Jane Mayer has documented instances in which people affiliated with these groups hired private detectives to impugn whistle-blowers, journalists, and even government investigators. And their efforts have been remarkably successful. Libertarian views on taxes and regulations, once far outside the mainstream and still rejected by most Americans, are making gains in the majority of state governments, the Supreme Court and Congress. Meaningful environmental, labor, financial and tax reform have been stymied.

In a tight and utterly convincing narrative Mayer traces the byzantine trail of the billions of dollars spent. She provides (us) with vivid portraits of the colorful figures behind (this) new American oligarchy. “DARK MONEY” is a book that must be read by anyone who cares about the future of American Democracy.”

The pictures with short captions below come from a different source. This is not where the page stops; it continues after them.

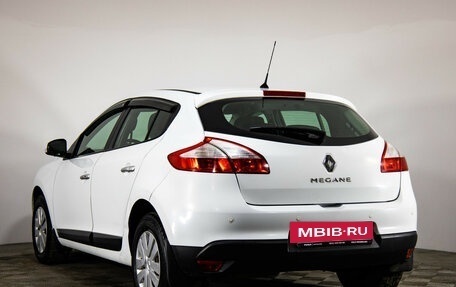 Renault Megane III, 2011 год, 749 000 рублей, 7 фотография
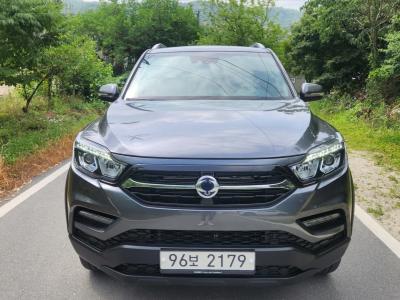 2021 KG Mobility Rexton
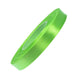 Satijnen lint 12 mm Lengte 32 RM - Lichtgroen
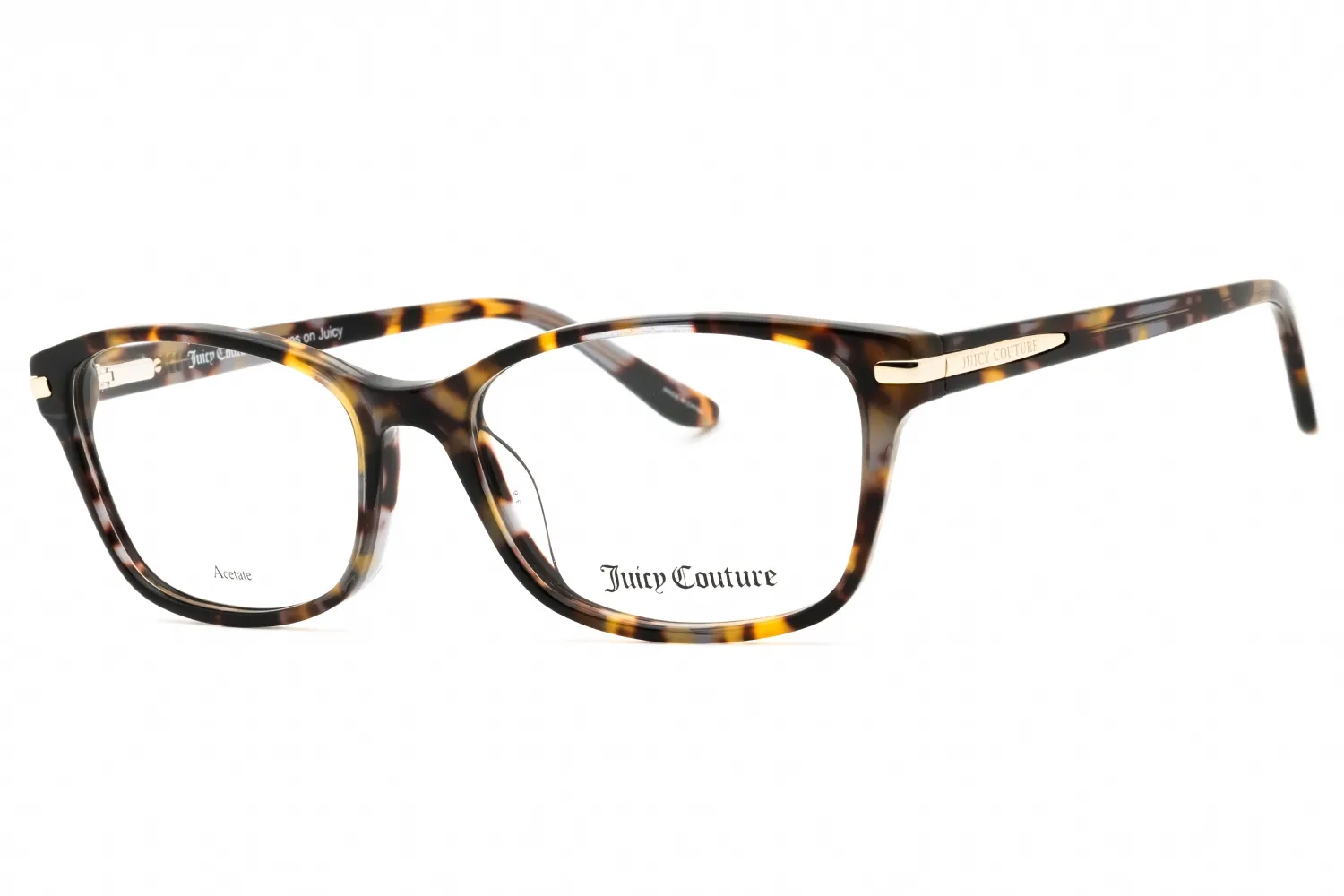 Juicy Couture JU 234/G 0086 00 Eyeglasses Hvn 55mm Women
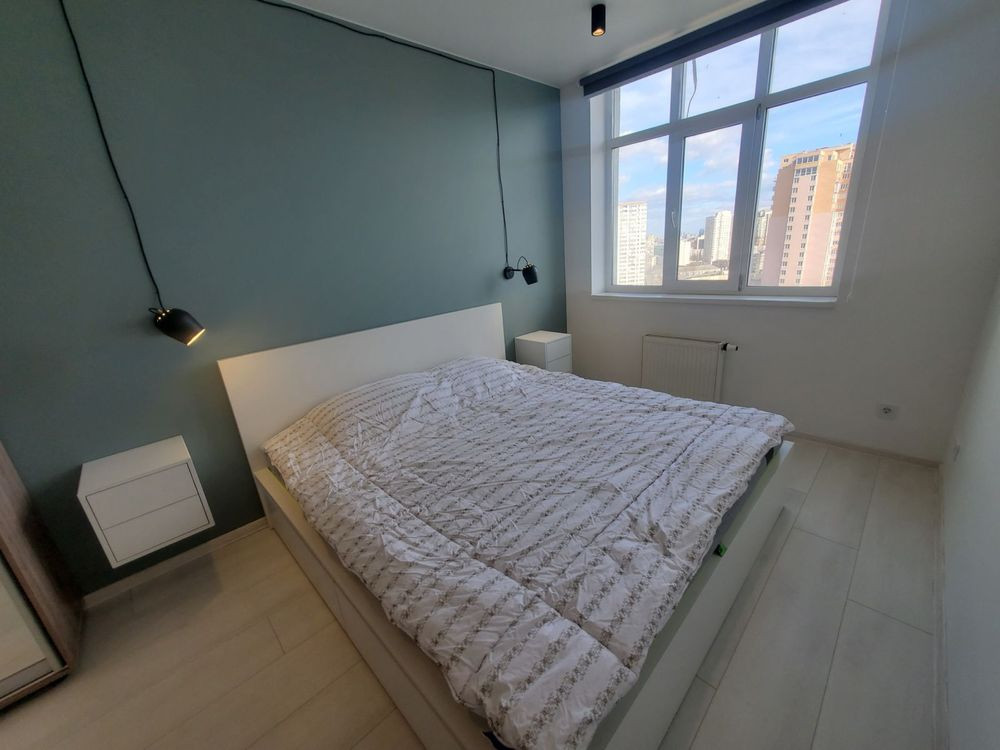 Продаж Квартира 2-кімнатна, 21/25 поверх на Валерія Лобановського вул., д. 4в Kiev - photo 8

“DARK MONEY” presents high quality historic factual information which tells us how ultra conservatives think and influence outcomes. All Americans, especially ethnic peoples of color, need to understand that these network individuals want to have things their way.

The only way to ‘push back’ is for all citizens to register to vote; understand what is at stake; and then vote in your own best interests. This is especially true for Latino voters. If we want equity in the near future, Latino votes must count. Influence and power are not given up without public demands.